The rational root theorem is a special case (for a single linear factor) of Gauss's lemma on the factorization of polynomials. The integral root theorem is a special case of the rational root theorem if the leading coefficient a_n = 1.

Proofs

A proof

Let P(x) = a_nxⁿ + a_n−1xⁿ⁻¹ + ... + a₁x + a₀ for some a₀, ..., a_n ∈ Z, and suppose P(p/q) = 0 for some coprime p, q ∈ Z:

P\left(\tfrac{p}{q}\right) = a_n\left(\tfrac{p}{q}\right)^n + a_{n-1}\left(\tfrac{p}{q}\right)^{n-1} + \cdots + a_1\left(\tfrac{p}{q}\right) + a_0 = 0.

If we multiply both sides by qⁿ, shift the constant term to the right hand side, and factor out p on the left hand side, we get

\qquad p(a_np^{n-1} + a_{n-1}qp^{n-2} + \cdots + a_1q^{n-1}) = -a_0q^n.

We see that p times the integer quantity in parentheses equals −a₀qⁿ, so p divides a₀qⁿ. But p is coprime to q and therefore to qⁿ, so by (the generalized form of) Euclid's lemma it must divide the remaining factor a₀ of the product.

If we instead shift the leading term to the right hand side and factor out q on the left hand side, we get

\qquad q(a_{n-1}p^{n-1} + a_{n-2}qp^{n-2} + \cdots + a_0q^{n-1}) = -a_np^n.

And for similar reasons, we can conclude that q divides a_n.^[1]

Proof using Gauss's lemma

Should there be a nontrivial factor dividing all the coefficients of the polynomial, then one can divide by the greatest common divisor of the coefficients so as to obtain a primitive polynomial in the sense of Gauss's lemma; this does not alter the set of rational roots and only strengthens the divisibility conditions. That lemma says that if the polynomial factors in $ℚ[X]$ , then it also factors in $ℤ[X]$ as a product of primitive polynomials. Now any rational root $p / q$ corresponds to a factor of degree 1 in $ℚ[X]$ of the polynomial, and its primitive representative is then $qx - p$ , assuming that p and q are coprime. But any multiple in $ℤ[X]$ of $qx - p$ has leading term divisible by q and constant term divisible by p, which proves the statement. This argument shows that more generally, any irreducible factor of P can be supposed to have integer coefficients, and leading and constant coefficients dividing the corresponding coefficients of P.

Example

For example, every rational solution of the equation

3x^3 - 5x^2 + 5x - 2 = 0\,\!

must be among the numbers symbolically indicated by

\pm\frac{1,2}{1,3}\,,

which gives the list of 8 possible answers:

1, -1, 2, -2, \frac{1}{3}, -\frac{1}{3}, \frac{2}{3}, -\frac{2}{3}\,.

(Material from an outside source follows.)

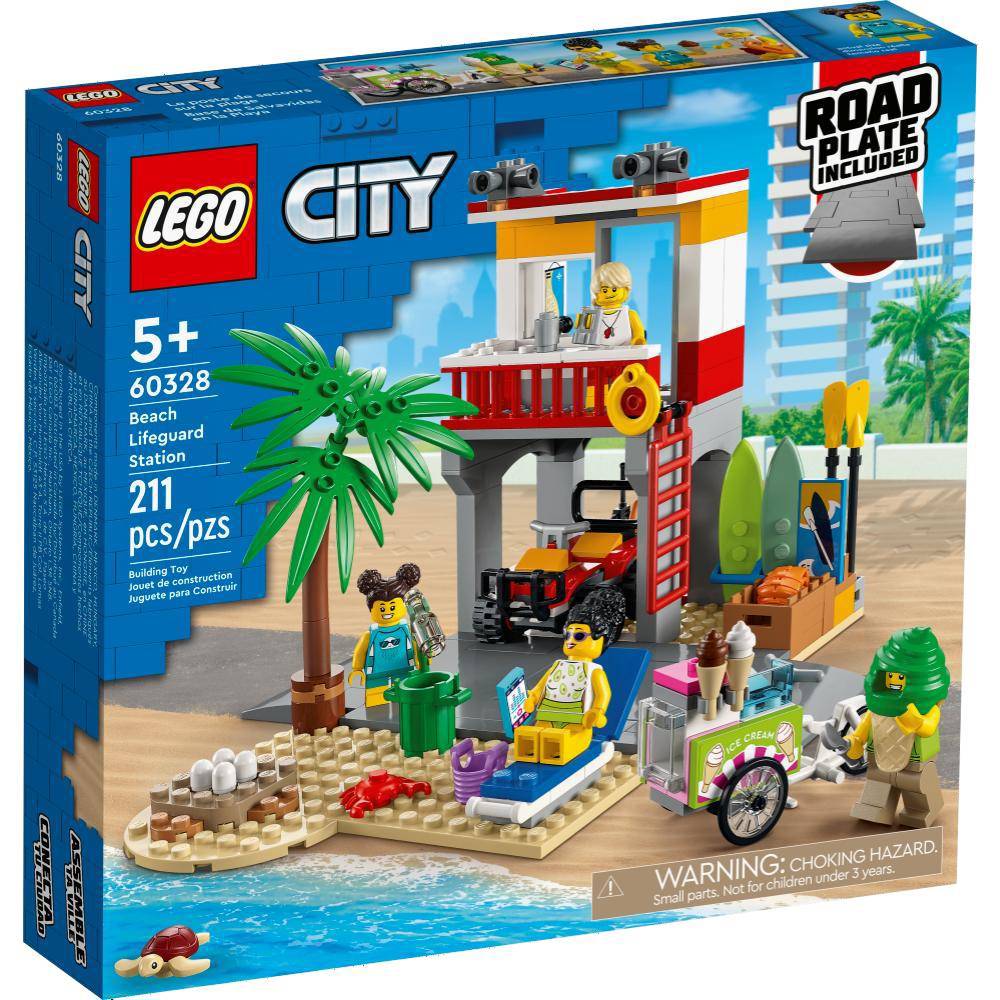 LEGO - Posto Salva-Vidas na Praia - 60328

These root candidates can be tested using the Horner's method (for instance). In this particular case there is exactly one rational root. If a root candidate does not satisfy the equation, it can be used to shorten the list of remaining candidates.^[2] For example, x = 1 does not satisfy the equation as the left hand side equals 1. This means that substituting x = 1 + t yields a polynomial in t with constant term 1, while the coefficient of t³ remains the same as the coefficient of x³. Applying the rational root theorem thus yields the following possible roots for t:

t=\pm\frac{1}{1,3}

Therefore,

x = 1+t = 2, 0, \frac{4}{3}, \frac{2}{3}

Root candidates that do not occur on both lists are ruled out. The list of rational root candidates has thus shrunk to just x = 2 and x = 2/3.

If a root r₁ is found, Horner's method will also yield a polynomial of degree n − 1 whose roots, together with r₁, are exactly the roots of the original polynomial. It may also be the case that none of the candidates is a solution; in this case the equation has no rational solution. If the equation lacks a constant term a₀, then 0 is one of the rational roots of the equation.

Notes

↑ Lua error in package.lua at line 80: module 'strict' not found.
↑ King, Jeremy D. "Integer roots of polynomials", Mathematical Gazette 90, November 2006, 455-456.

References

Charles D. Miller, Margaret L. Lial, David I. Schneider: Fundamentals of College Algebra. Scott & Foresman/Little & Brown Higher Education, 3rd edition 1990, ISBN 0-673-38638-4, pp. 216–221
Phillip S. Jones, Jack D. Bedient: The historical roots of elementary mathematics. Dover Courier Publications 1998, ISBN 0-486-25563-8, pp. 116–117 (online copy, p. 116, at Google Books)
Ron Larson: Calculus: An Applied Approach. Cengage Learning 2007, ISBN 978-0-618-95825-2, pp. 23–24 (online copy, p. 23, at Google Books)

External links

Weisstein, Eric W., "Rational Zero Theorem", MathWorld.
RationalRootTheorem at PlanetMath
Another proof that n^th roots of integers are irrational, except for perfect nth powers by Scott E. Brodie
The Rational Roots Test at purplemath.com

[1] Lua error in package.lua at line 80: module 'strict' not found.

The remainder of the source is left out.